The Minnesota statute governing maltreatment of minors describes conduct that amounts to "substantial child endangerment," and is therefore reportable under the statute including:

  • Egregious harm as defined in Minn. Stat. § 260C.007
  • Sexual abuse
  • Abandonment
  • Neglect
  • Murder
  • Manslaughter
  • Assault
  • Solicitation, inducement and promotion of prostitution
  • Criminal sexual conduct under Minn. Stat. § 609.342-609.352
  • Solicitation of children to engage in sexual conduct pursuant to Minn. Stat. §609.377
  • Malicious punishment or neglect or endangerment under Minn. Stat. § 609.377-378
  • Use of a child in a sexual performance
  • Parental behavior, status or condition which mandates that the county attorney file a termination of parental rights petition under Minn. Stat §260C.301

Minn. Stat. § 626.556 Subd. 2(c). The foregoing is not meant to be an exhaustive list of conduct constituting abuse or neglect. There are more detailed definitions and descriptions of the conduct constituting maltreatment specified in the statute. Furthermore, it is not just current conduct that is required to be reported. Neglect or physical or sexual abuse that has occurred within the past three years is required to be reported when it comes to the attention of a professional who is required to report it. Minn. Stat § 626.665 Subd. 3. Suffice it to say that professionals required to report substantial child endangerment should be alert to that fact that the range and timing of conduct (either by commission or omission) that falls within the reporting requirement is broad. Professionals and their delegates may want to consider legal advice when considering whether observed conduct is covered under the statute.

To Whom Must Reports Of Maltreatment Minors Be Made?

The statute requires reports to the local welfare agency, the agency responsible for assessing or investigating the report, the police department or the county sheriff, depending on the conduct or conditions that are observed by the professional. Minn. Stat. § 626.556 Subd. 3(d). Other parts of the statute make it more clear which agency is the proper recipient of reports of specific conditions or observation.

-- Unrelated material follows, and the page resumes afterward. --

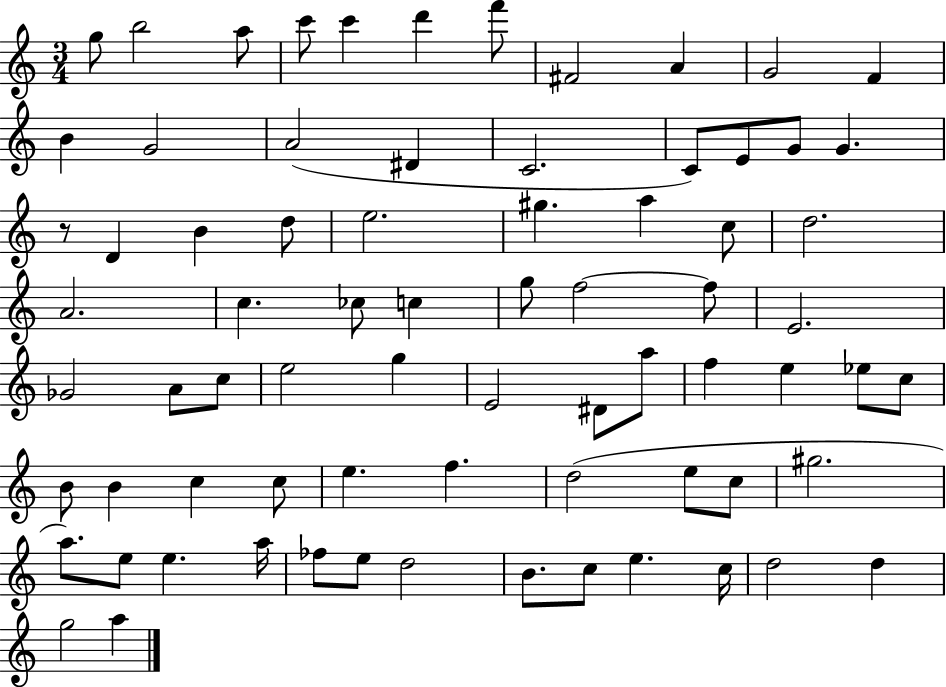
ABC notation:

Awareness And Action Are Important

If you are a teacher, a coach, a health care provider or other professional who regularly works with or furnishes instruction to children, it is important to be alert to the signs of abuse or neglect, and when you observe those signs, to act promptly to notify the appropriate authorities of the situation you have identified, lest you be charged with a violation of the statute. Minn. Stat. § 626.556 Subd. 6. [6] Remember that your are protected from civil and criminal liability for making a good faith report to the appropriate authorities when you suspect a child with whom you have contact is or has suffered from neglect or abuse. Consider reporting the conduct or condition that makes you suspect child abuse or neglect as soon as you can describe with particularity the reasons you believe that abuse or neglect may exist or have taken place.


[1] Stewart Loper is an attorney practicing in the areas of small business representation, contracts, real estate and estate planning. He is a graduate of Macalester College, B.A. 1970 and the William Mitchell College of Law, J.D. 1974. He maintains an office in Bloomington.

[2] The Wall Street Journal,

[3] Id.

[4] Although Sandusky left his position as assistant coach of the football team in 1999, he continued to use University football facilities for the "Second Mile" program for disadvantaged youth, which he founded and ran.

[5] Id.

[6] Some have argued that coaches are not bound by the mandatory reporting requirements, since the term "coach" does not specifically appear in Subd. 3 of the statute. But coaches are frequently employed by educational institutions, and regardless of their employment status, teach and instruct their charges in skills and techniques to improve their athletic performance, so as to fall within the purview of "educators," as defined by Minn. Stat. Sec. 626.556 Subd. 3(a)(1).